Stored data entries:
- - - - - - -
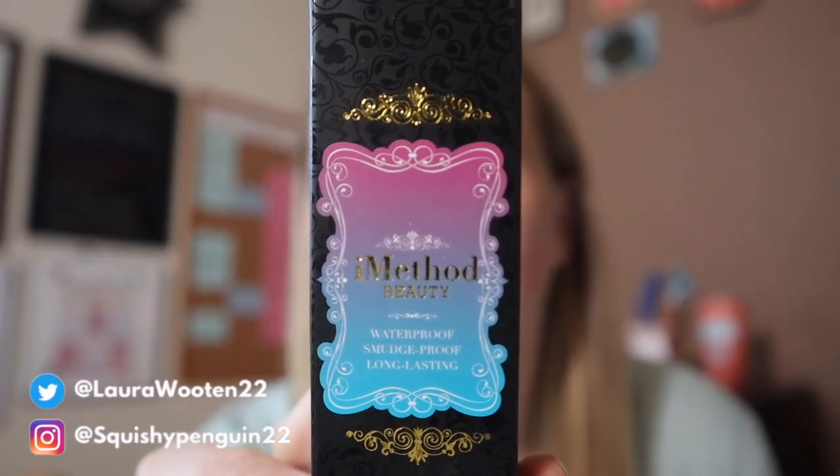Hey everyone, welcome back to my channel! Today I have a quick product review for iMethod Beauty. They have a couple of products in their lineup, and one of them is the winged eyeliner stamp. When Olivia from iMethod Beauty reached out to me to try this product, I was really excited because the winged eyeliner is something I've never really been able to master. The idea of having a stamp to make it easy to apply is just something I absolutely need. This iMethod winged eyeliner stamp is waterproof, smudge proof, and long-lasting.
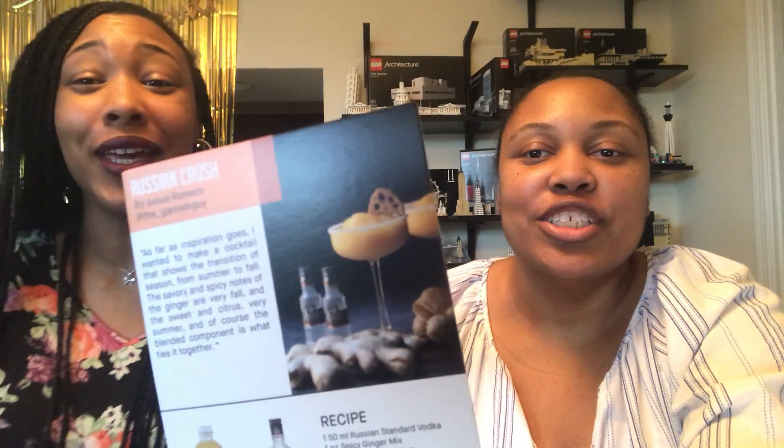This is the result. The picture shows it as majorly super orange and all fancy — we ain't fancy like that. Ours came out more white. But we followed the recipe to the letter, so it is what it is. Let's try it — thumbs up!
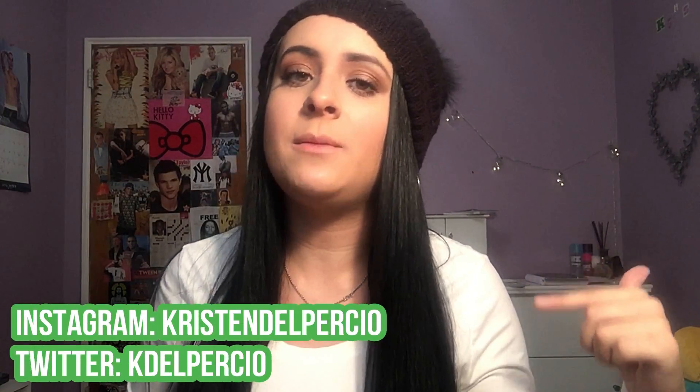And that is it for my FabFitFun editor's box unboxing! I hope you guys enjoyed it. If you did, please give it a big thumbs up and hit that subscribe button. Follow me on all my social media — links are in the description. Let me know in the comments if you want to see more FabFitFun unboxings, product reviews, or if you just want to leave a comment saying hi!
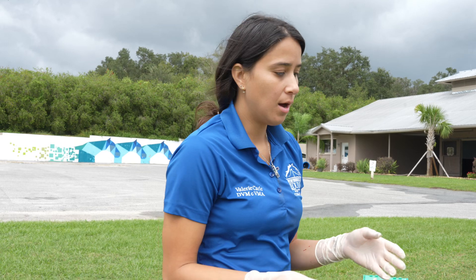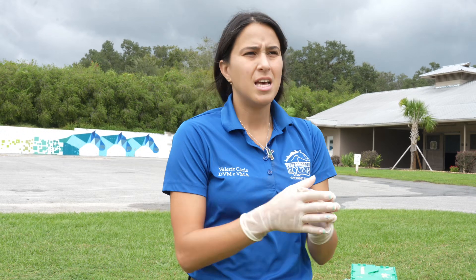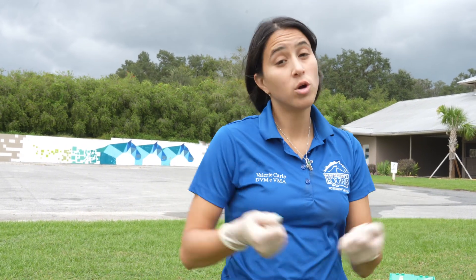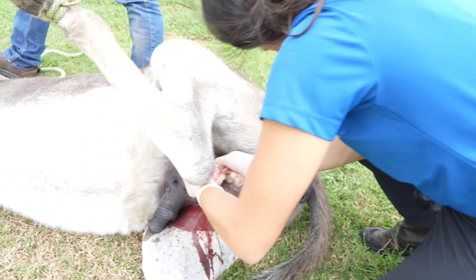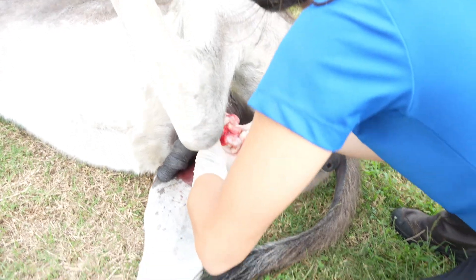The older the equid is, the more time we have to leave the emasculator on. The reason we place it and leave it there is so that it crushes correctly and the vessels don't start bleeding when we release it. The older the patient, the more time the emasculator needs to stay on, which means more anesthesia time. Ideally we do them younger, around two to four years old. This one was for behavior issues, and when those testosterone levels decrease it's definitely going to calm them down.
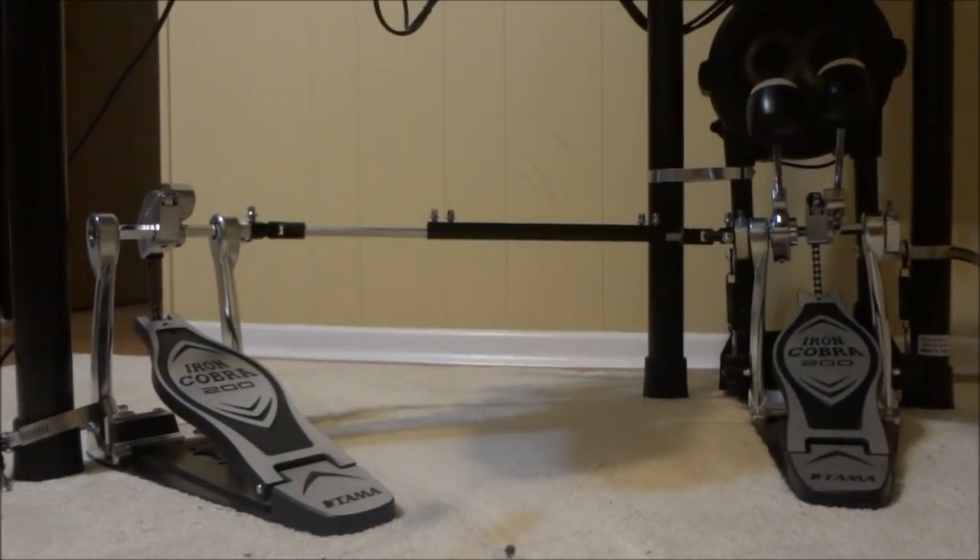Hey everybody! Today I'm going to be doing a quick review of the Tama Iron Cobra double bass pedals that you see in the frame right now. I'm doing this review on the 200 series pedals, and I'll give you the pros and cons — what I like and what I don't like — so that you can make an educated purchase.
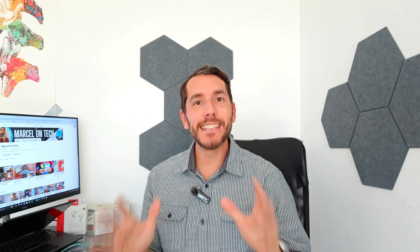This is Marcel of Marcel on Tech and today's video is going to be about earbuds. I've had a lot of interest in my earbud videos so I wanted to share with you the variety of earbuds that are available.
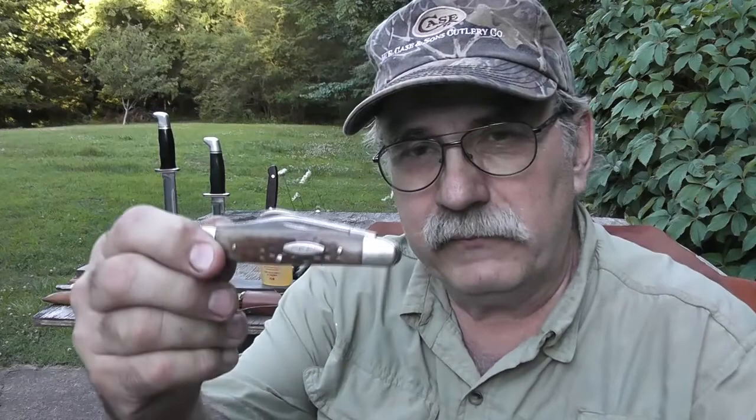The one knife I carry every day is this medium Case stockman — it's a three-blade Case stockman. I work at an automotive shop so this little knife is a very useful tool: opening packages, cutting rubber hose, stripping wire. There are so many different uses for a pocket knife like this. If I don't have it on me it feels like something's missing, like I left my wallet at home. Since I've used it today I'm going to sharpen it and show you how I do it.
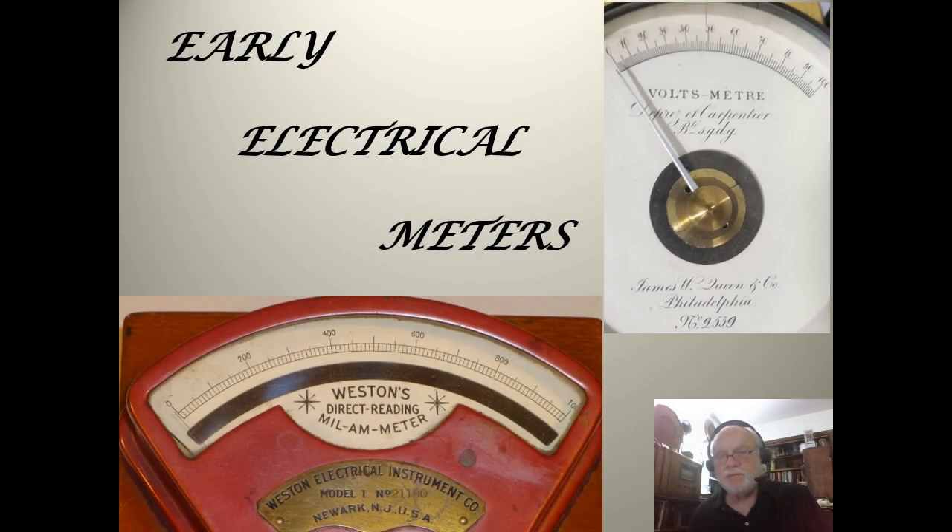Hello, I'm Mike Molnar and welcome to my presentation on Early Electrical Meters. I think even a brief look at some of this early equipment will help you appreciate the work required to take the simple electrical measurements we take for granted today.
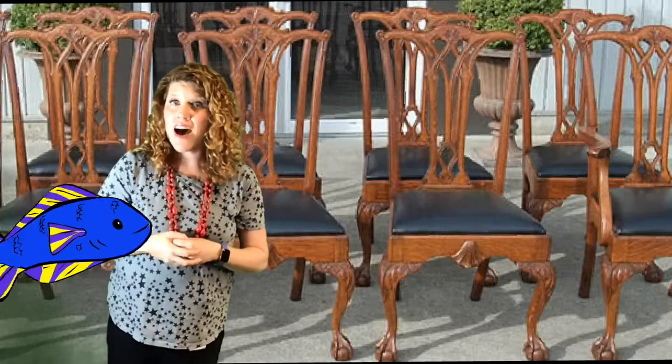Chairs to mend. Old chairs to mend. Mackerel. Fresh mackerel. Any old rags. Any old rags.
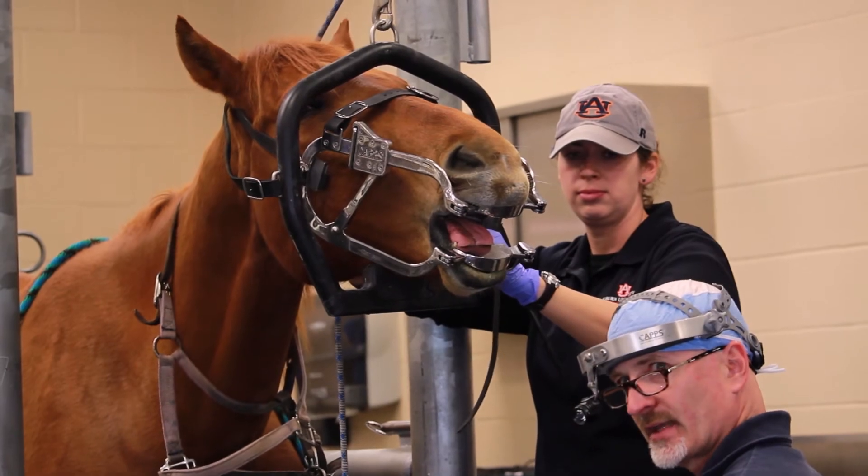The shape and the anatomy of a horse's mouth makes it kind of challenging to actually see into, and being able to put the camera in the horse's mouth and project it up on a large screen TV so everyone can see is just a great, very powerful teaching tool.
- - - - - - -
• _Required action_: In the entries above, find the line containing "Chairs to mend. Old". Transcribe it and every later line to the end, exactly, and leave out the pictures.

• _Response to this exercise_:
Chairs to mend. Old chairs to mend. Mackerel. Fresh mackerel. Any old rags. Any old rags.
The shape and the anatomy of a horse's mouth makes it kind of challenging to actually see into, and being able to put the camera in the horse's mouth and project it up on a large screen TV so everyone can see is just a great, very powerful teaching tool.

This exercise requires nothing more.